Selon le tableau ci-dessus, la situation contemporaine est très
similaire à la crise russe et LTCM ; la crise contemporaine a
été précédée par un endettement excessif,
une inflation des prix des actifs et une concentration du risque (Davis, 2001).
On a aussi assisté à un changement de régime :
accès facilité des ménages aux marchés
boursiers ; apparition de nouveaux intermédiaires importants tel
que les OPCVM ; et le rôle de l'innovation financière
(« brokerages » virtuels et « on-line »
accessibles pour les particuliers, titrisation massive des créances
hypothécaires). Suite au Krach boursier, on a vu la solvabilité
des assureurs, des fonds pension et des banques décliner. En Europe
continentale on assiste a une contraction de crédit, pas encore
très forte mais qui pourrait bien accélérer. On assiste
à une corrélation renforcée entre marchés boursiers
au niveau international. Mais il y a aussi des différences
décisives avec la crise russe. La transmission de la crise entre
les différents marchés financiers (boursiers et obligataires)

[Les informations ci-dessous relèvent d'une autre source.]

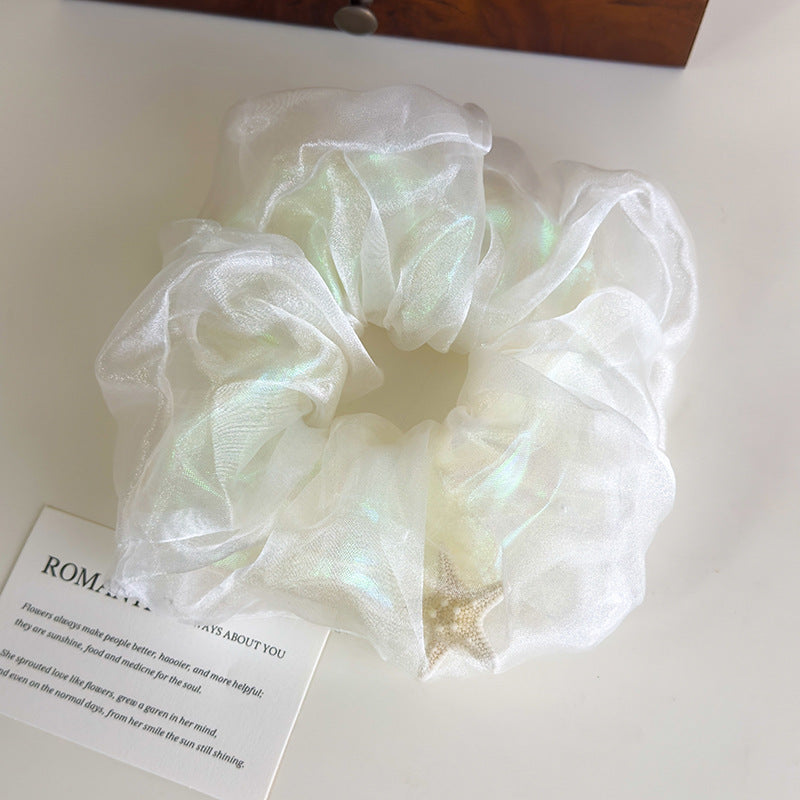 E廠-夏日海洋溫柔網紗雙層海星貝殼大腸髮圈大號丸子頭髮飾扎頭髮皮筋「27042」25.06-1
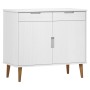 Credenza MOLDE Bianca 90x40x80 cm in Legno Massello di Pino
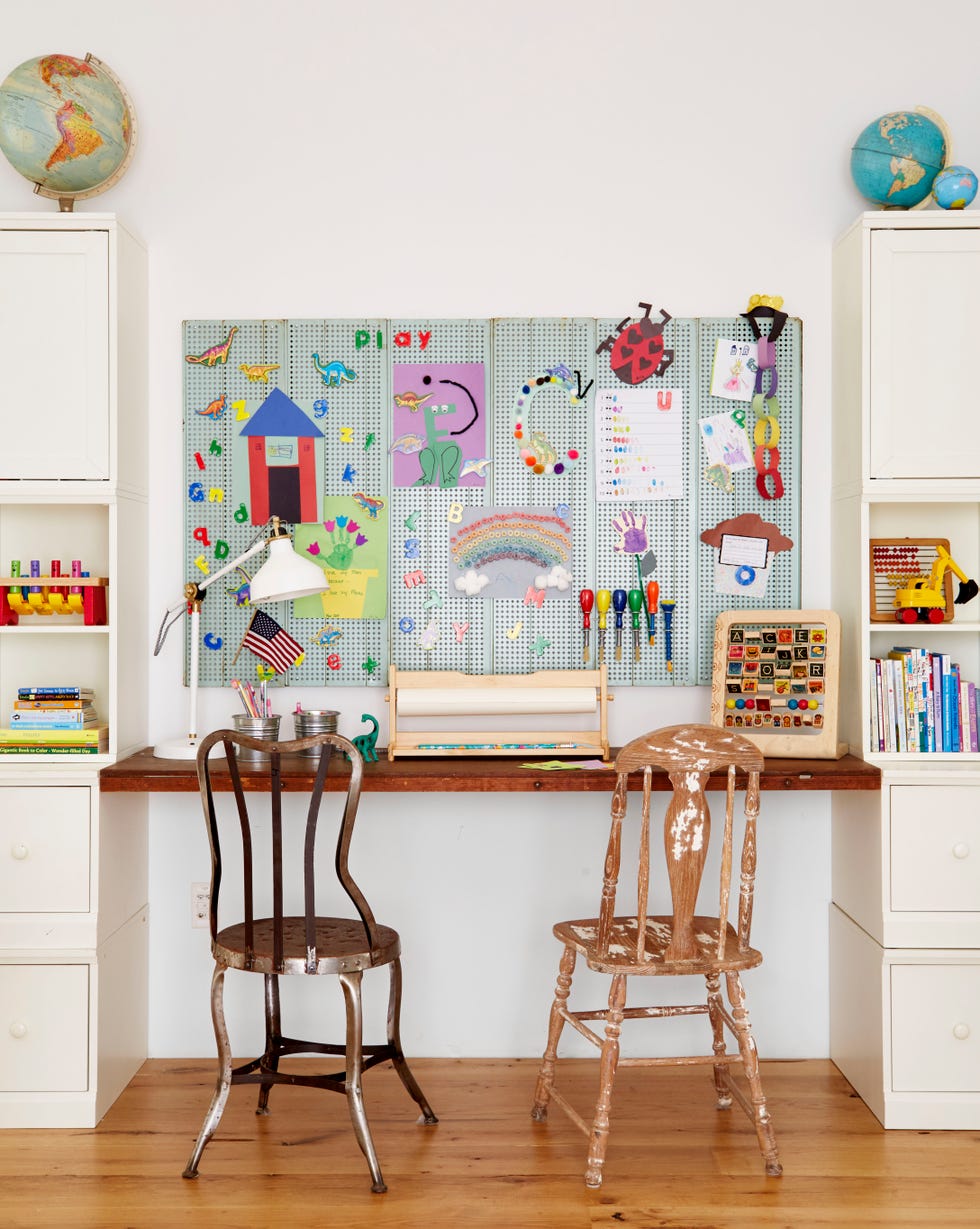 kids desk and pegboard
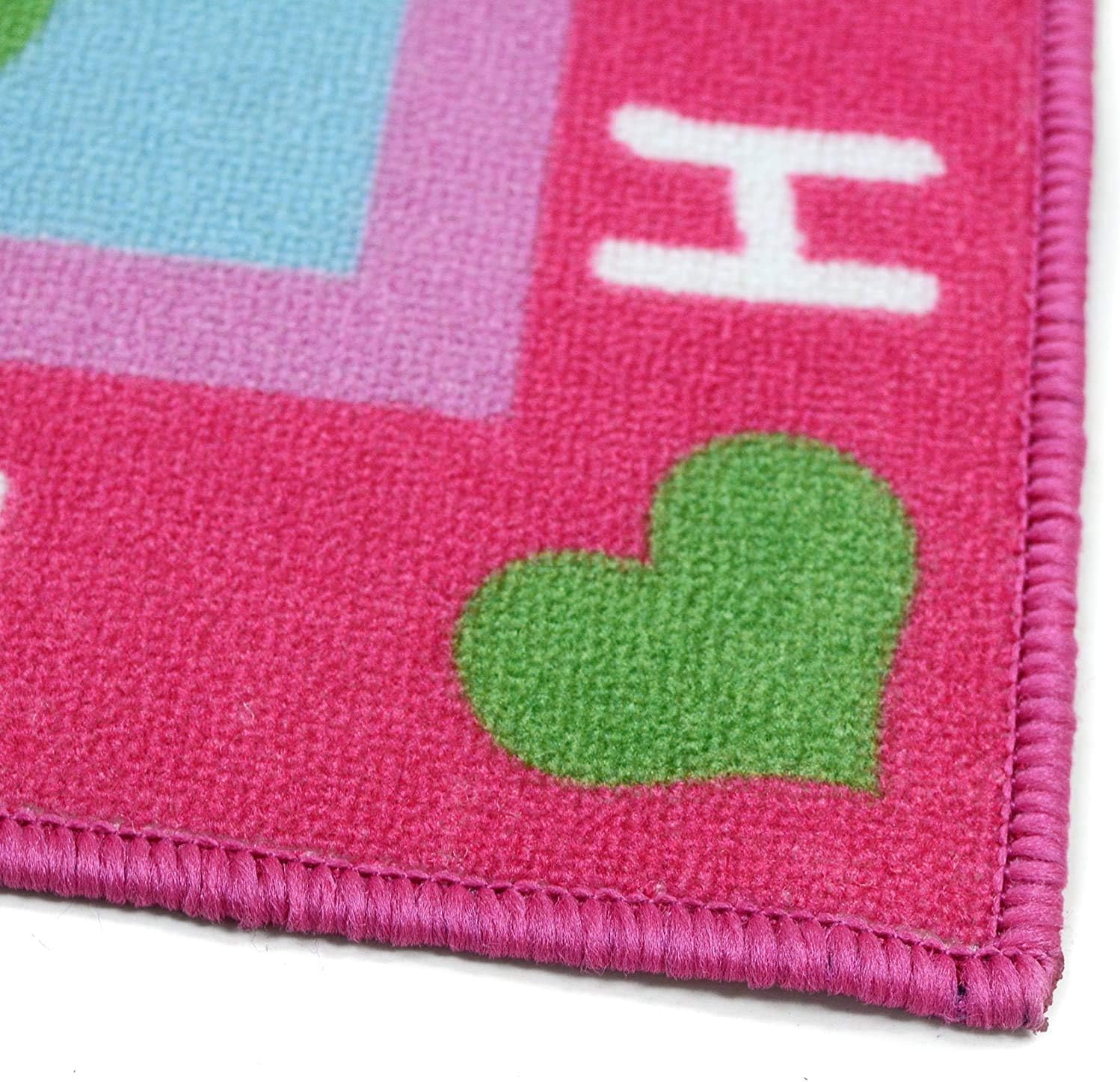 HUAHOO Pink Girls Hopscotch Rug, 39.4'' x 52''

n'est pas encore là, et la politique monétaire s'est plutôt
assouplie en réponse aux développement financiers, surtout aux
Etats-Unis.
Il est trop tôt pour porter un jugement définitif sur l'effet
macroéconomique de la crise présente. On sait que la croissance
des crédits s'est aussi ralenti, l' investissement s'est affaibli aux
Etats-Unis et en Europe, et que l'on a déjà assisté
à des phases de récessions légères (Etats-Unis,
Allemagne).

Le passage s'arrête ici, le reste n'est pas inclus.